* _Dataset records_
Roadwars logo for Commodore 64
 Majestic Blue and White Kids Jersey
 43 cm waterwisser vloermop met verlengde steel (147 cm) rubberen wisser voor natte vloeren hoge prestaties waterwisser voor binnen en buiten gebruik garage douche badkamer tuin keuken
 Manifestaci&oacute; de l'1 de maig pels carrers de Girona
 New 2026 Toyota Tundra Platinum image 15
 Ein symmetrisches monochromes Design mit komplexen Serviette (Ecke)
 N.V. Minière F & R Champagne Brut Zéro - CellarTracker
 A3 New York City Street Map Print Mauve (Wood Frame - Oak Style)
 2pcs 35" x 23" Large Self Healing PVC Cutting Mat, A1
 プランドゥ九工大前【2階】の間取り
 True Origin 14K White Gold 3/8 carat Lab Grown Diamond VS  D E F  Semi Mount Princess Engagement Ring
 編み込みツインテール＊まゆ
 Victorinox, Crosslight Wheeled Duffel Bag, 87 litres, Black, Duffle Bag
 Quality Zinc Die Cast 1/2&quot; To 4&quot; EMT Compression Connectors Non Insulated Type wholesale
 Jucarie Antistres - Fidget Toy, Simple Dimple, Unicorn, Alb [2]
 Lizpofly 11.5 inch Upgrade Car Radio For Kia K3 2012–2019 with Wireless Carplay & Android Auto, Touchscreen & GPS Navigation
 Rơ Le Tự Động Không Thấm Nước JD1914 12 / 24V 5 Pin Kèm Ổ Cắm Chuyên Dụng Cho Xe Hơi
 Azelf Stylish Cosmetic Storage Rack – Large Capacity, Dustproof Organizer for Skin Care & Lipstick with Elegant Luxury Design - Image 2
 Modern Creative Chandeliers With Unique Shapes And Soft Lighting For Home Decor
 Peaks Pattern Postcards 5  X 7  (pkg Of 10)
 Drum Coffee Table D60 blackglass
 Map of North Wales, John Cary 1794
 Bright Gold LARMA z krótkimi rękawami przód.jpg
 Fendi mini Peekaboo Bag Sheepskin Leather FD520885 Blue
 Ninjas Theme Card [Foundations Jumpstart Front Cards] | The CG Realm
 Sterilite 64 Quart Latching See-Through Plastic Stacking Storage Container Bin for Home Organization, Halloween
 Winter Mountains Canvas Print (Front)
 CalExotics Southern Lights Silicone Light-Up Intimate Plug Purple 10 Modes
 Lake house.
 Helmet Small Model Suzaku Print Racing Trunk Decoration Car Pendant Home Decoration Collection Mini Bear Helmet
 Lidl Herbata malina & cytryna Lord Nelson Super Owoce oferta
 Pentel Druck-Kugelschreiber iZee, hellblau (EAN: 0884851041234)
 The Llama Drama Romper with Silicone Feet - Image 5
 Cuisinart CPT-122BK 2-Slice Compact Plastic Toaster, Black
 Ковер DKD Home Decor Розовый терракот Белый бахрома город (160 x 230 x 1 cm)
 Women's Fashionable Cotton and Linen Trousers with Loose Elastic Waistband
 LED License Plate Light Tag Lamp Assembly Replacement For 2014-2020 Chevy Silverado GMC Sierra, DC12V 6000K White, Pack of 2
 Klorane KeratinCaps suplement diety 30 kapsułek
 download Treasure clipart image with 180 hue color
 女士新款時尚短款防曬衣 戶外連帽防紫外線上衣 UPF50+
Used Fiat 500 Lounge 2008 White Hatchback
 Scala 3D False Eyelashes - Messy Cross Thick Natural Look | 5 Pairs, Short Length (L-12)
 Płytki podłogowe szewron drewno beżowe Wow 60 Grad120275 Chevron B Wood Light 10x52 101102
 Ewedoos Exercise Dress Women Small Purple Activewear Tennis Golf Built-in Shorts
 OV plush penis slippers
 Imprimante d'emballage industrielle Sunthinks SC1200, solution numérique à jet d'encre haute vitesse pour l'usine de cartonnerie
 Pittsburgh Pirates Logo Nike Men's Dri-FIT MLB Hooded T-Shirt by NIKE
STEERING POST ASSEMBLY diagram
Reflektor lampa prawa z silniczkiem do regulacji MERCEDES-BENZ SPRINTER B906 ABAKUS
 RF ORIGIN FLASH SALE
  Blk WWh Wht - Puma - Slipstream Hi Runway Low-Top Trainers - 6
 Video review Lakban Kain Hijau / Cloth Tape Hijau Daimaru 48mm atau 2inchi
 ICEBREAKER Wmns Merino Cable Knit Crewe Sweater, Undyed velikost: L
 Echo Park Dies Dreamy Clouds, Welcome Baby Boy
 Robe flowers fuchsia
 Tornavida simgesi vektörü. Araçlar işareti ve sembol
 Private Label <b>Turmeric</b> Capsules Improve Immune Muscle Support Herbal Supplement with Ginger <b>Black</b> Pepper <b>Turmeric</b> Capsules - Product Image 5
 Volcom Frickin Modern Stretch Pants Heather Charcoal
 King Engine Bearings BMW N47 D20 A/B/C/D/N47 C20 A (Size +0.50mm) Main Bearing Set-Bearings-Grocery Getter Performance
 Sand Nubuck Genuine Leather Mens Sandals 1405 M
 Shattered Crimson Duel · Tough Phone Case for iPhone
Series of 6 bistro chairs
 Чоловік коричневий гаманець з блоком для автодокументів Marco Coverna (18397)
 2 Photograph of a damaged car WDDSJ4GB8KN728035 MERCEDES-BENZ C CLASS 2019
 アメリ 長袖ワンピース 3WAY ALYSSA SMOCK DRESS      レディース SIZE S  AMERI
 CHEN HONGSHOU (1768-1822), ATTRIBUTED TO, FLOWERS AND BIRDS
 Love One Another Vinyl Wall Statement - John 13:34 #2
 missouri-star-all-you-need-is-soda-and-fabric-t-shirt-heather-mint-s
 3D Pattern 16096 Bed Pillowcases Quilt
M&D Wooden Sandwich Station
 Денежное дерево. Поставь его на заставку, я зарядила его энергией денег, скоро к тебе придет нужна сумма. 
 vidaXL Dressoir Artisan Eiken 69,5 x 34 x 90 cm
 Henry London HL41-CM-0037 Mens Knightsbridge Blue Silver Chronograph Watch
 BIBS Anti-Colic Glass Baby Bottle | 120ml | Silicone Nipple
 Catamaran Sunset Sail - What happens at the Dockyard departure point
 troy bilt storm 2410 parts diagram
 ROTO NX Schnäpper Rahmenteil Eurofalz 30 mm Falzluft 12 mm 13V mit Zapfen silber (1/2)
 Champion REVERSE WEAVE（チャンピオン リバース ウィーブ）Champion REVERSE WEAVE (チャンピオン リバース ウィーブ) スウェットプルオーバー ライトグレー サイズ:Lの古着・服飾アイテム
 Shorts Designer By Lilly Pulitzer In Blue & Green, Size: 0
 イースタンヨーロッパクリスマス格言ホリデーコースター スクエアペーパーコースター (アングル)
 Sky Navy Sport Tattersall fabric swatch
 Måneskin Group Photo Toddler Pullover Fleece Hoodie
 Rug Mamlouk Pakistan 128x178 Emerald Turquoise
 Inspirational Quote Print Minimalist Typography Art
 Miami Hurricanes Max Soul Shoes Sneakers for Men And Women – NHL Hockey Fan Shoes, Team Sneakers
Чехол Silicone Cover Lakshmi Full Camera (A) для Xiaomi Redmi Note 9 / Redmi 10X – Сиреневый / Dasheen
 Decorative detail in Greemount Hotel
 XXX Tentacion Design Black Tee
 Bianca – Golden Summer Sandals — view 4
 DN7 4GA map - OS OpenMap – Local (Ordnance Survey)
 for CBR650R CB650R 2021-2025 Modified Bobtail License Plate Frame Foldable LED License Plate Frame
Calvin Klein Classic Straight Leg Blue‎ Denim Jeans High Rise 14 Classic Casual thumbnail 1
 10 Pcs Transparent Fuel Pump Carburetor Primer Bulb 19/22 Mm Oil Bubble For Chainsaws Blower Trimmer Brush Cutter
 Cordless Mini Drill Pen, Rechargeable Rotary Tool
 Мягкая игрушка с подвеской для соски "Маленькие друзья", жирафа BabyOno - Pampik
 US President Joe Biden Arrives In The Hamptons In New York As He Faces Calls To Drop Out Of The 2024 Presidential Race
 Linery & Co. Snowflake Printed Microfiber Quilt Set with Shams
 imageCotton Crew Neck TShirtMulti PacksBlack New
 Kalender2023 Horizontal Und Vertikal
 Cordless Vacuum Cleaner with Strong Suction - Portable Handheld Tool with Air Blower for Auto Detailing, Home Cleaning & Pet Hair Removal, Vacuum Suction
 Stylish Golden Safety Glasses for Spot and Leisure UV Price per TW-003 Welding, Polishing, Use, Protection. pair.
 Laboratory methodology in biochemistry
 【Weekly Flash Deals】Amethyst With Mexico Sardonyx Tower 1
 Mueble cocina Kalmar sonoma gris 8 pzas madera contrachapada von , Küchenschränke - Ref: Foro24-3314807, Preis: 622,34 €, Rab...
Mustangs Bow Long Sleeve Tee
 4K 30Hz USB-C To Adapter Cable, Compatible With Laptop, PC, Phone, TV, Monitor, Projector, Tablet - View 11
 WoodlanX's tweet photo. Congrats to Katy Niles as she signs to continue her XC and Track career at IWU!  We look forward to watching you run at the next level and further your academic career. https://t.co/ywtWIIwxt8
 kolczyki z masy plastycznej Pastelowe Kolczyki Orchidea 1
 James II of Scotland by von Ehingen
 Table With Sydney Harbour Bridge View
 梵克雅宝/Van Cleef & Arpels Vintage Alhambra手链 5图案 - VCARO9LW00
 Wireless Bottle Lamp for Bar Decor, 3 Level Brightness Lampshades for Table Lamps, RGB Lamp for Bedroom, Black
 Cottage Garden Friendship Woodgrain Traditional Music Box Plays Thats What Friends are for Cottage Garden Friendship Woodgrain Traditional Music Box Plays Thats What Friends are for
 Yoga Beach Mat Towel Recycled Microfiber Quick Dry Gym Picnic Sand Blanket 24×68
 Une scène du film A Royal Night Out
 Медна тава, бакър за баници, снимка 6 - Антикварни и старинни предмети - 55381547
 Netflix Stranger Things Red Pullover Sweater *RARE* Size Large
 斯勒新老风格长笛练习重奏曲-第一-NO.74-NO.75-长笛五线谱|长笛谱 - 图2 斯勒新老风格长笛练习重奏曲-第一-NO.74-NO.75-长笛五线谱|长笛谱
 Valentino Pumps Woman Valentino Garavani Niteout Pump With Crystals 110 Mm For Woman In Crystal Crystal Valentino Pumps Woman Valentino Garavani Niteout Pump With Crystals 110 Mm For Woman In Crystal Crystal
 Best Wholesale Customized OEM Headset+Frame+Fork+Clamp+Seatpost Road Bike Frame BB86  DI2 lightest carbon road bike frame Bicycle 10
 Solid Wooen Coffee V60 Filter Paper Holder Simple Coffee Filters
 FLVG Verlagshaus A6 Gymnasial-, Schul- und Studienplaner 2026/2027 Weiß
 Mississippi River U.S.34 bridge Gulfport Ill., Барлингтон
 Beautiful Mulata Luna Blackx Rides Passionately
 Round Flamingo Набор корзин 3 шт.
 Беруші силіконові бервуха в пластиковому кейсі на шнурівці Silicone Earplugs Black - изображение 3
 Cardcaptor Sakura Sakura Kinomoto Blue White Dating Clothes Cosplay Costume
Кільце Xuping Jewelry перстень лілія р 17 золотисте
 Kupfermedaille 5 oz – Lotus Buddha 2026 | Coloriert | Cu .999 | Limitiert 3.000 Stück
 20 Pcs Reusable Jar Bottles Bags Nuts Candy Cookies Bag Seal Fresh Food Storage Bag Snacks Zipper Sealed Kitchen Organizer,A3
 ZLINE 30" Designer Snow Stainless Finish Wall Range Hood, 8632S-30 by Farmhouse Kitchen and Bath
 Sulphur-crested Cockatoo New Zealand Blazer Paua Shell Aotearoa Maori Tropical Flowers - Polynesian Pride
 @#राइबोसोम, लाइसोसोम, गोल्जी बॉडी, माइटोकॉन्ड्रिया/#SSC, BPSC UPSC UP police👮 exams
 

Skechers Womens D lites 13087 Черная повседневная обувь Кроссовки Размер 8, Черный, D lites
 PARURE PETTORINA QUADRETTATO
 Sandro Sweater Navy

* _Task objective_
Reproduce every line of the listing above in which the string "Coffee" appears.

* _Task output_
 Drum Coffee Table D60 blackglass
 Solid Wooen Coffee V60 Filter Paper Holder Simple Coffee Filters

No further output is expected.